Walid al-Moallem, addressing world leaders at the U.N. General Assembly in New York, also charged that the U.S., Britain and France had blocked the naming of the real perpetrators of chemical weapons attacks in Syria, which he blamed on the opposition.
He claimed "terrorists" fighting the regime in the civil war are being supplied with chemical weapons, but he did not name specific nations accused of supplying them.
President Barack Obama told the same forum last week that it was the President Bashar Assad's regime that was behind a chemical weapons attack in August that killed hundreds in the Damascus suburbs and brought threats of a retaliatory U.S. strike.
Syria subsequently committed to getting rid of its stockpiles of chemical weapons and the U.N. Security Council voted unanimously on Friday to oblige it to do so based on a plan made by the Organisation for the Prohibition of Chemical Weapons.
Al-Moallem claimed that it is clear to all that offshoots of al-Qaida — "the most dangerous terrorist organization in the world" — is fighting in the Syrian civil war. But some countries refuse to recognize it, he charged.
"The scenes of murder, manslaughter and eating human hearts were shown on TV screens, but did not touch blind consciences," al-Moallem said.
"There are innocent civilians whose heads are put on the grill just because they violate the extremist ideology and deviant views of al-Qaida. In Syria ... there are murderers who dismember human bodies into pieces while still alive and send their limbs to their families, just because those citizens are defending a unified and secular Syria."
A video published online in May purported to show a member of Syria's armed opposition eating a human heart while the body of a Syrian soldier lay close by. The video drew condemnation from human rights groups as well as the Syrian National Coalition, one of the main opposition groups.

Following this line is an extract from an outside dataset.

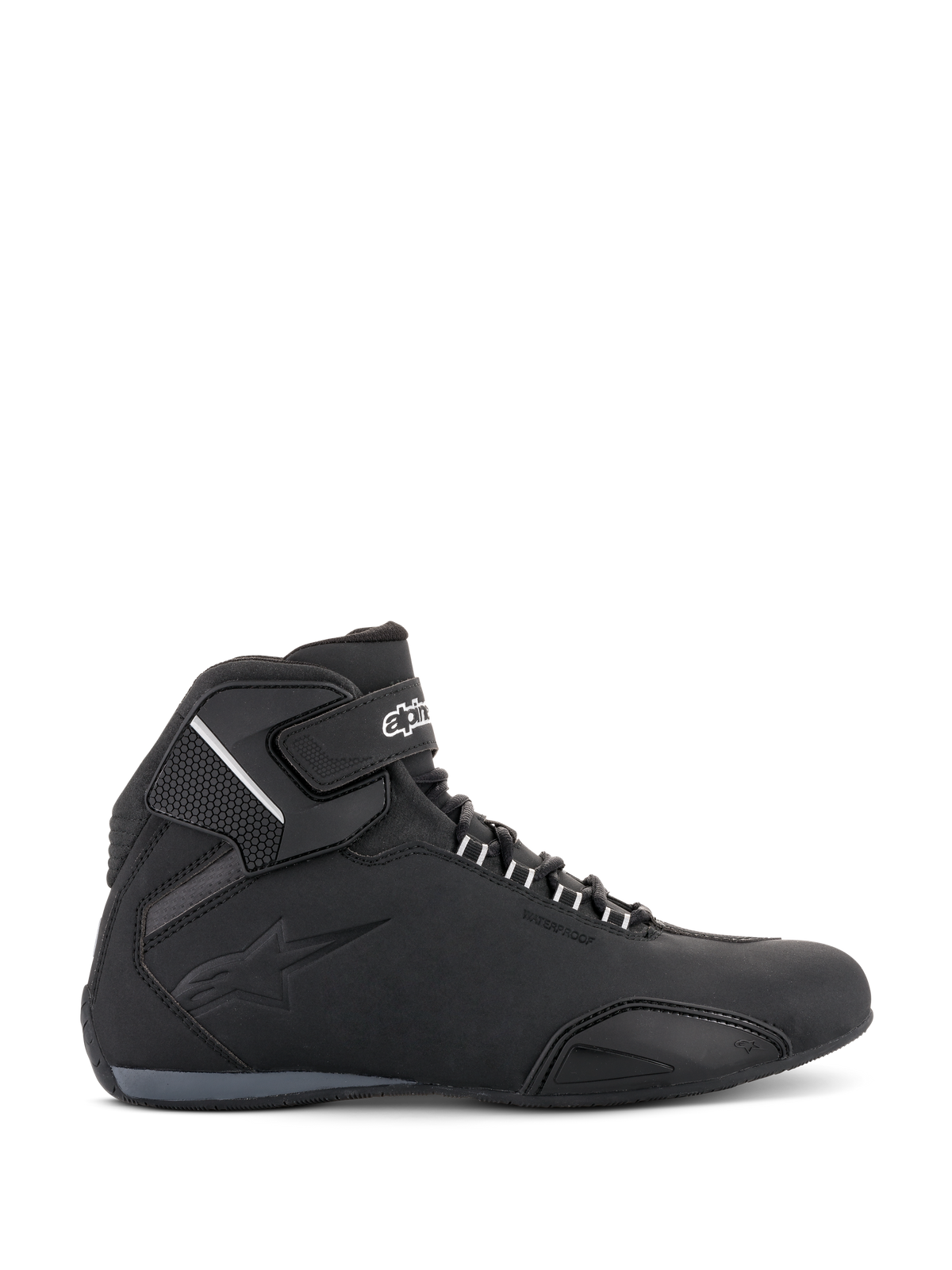 Chaussures Alpinestars Sektor Waterproof, chaussures de moto, noir, vue de profil présentant un châssis en microfibre légère, sangle de cheville avec marquage blanc, logo embossé et design athlétique à coupe basse pour la conduite sur route.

Another video the minister referred to purportedly showed rebels grilling the head of a Syrian soldier.
As rebels gain more territory and a multitude of militias, jihadists and criminals join the fight against Assad, reports of serious human rights abuses committed by armed opposition elements are on the rise.
Summary executions committed by rebel forces — albeit on a far smaller scale than the regime's alleged atrocities — have put the West in a difficult position as it seeks to arm, train and otherwise aid the rebels.

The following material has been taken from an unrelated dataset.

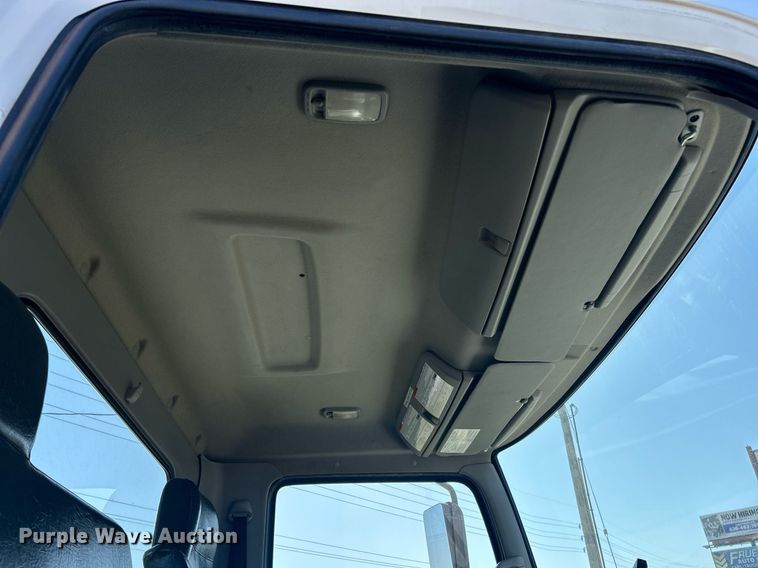 image for item EK2752 2013 Hino 338 utility / service truck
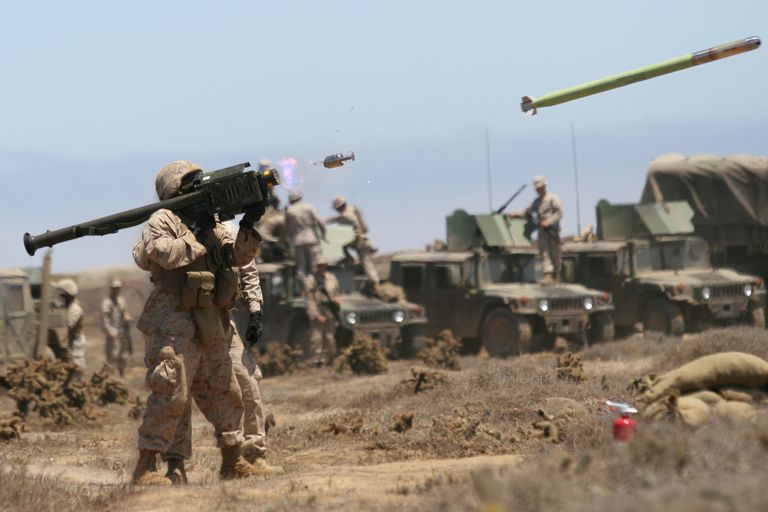 Американский переносной зенитно-ракетный комплекс ПЗРК FIM-92 Stinger Американский переносной зенитно-ракетный комплекс ПЗРК FIM-92 Stinger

Al-Moallem said his government was committed to a political solution to the conflict, which he called a war against "terror" and not a civil war as the international community has been referring to it for months. He added that "terrorists" from 83 countries are operating in Syria.

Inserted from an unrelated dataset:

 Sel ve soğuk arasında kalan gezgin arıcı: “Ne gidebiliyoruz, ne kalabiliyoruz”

The Syrian regime has long referred to the entire opposition rising up against Assad as "terrorists."
"Our commitment to a political solution does not mean watching our mosques and churches destroyed, as is happening in Homs and Aleppo, and is happening now in the town of Maaloula, the only place in the world whose people still speak the language of Jesus Christ."
The al-Qaida-affiliated Jabhat al-Nusra, or Nusra Front, carried out an armed attack on Maaloula in western Syria earlier this month. Rebels from the Western-backed Free Syrian Army also fought government forces on the outskirts of the town, home to around 2,000 mostly Christian residents.
The Assad family relied on the support of religious and ethnic minorities in its tight control of Syria for the four decades preceding the civil war. Some minorities, particularly Christians and members of Assad's Alawite sect, an offshoot of Shiite Islam, have been the target of violent attacks during the war.
Alawites are a minority in Syria while the opposition is dominated by the majority Sunni sect.
Al-Moallem said armed Islamist groups in Syria are using "perverted concepts of religion that have nothing to do with Islam."
The Syrian foreign minister also touched on regional issues drawing attention to his government's call a decade ago to making the Middle East free of weapons of mass destruction.
"Syria stresses that establishing a free zone of weapons of mass destruction in the region is unachievable without the accession of Israel, the only nuclear power in the region, to all treaties banning such weapons," he said.
Israel does not deny or confirm that it has nuclear weapons though it is widely believed to possess them. Israel has also not ratified the world convention banning chemical weapons.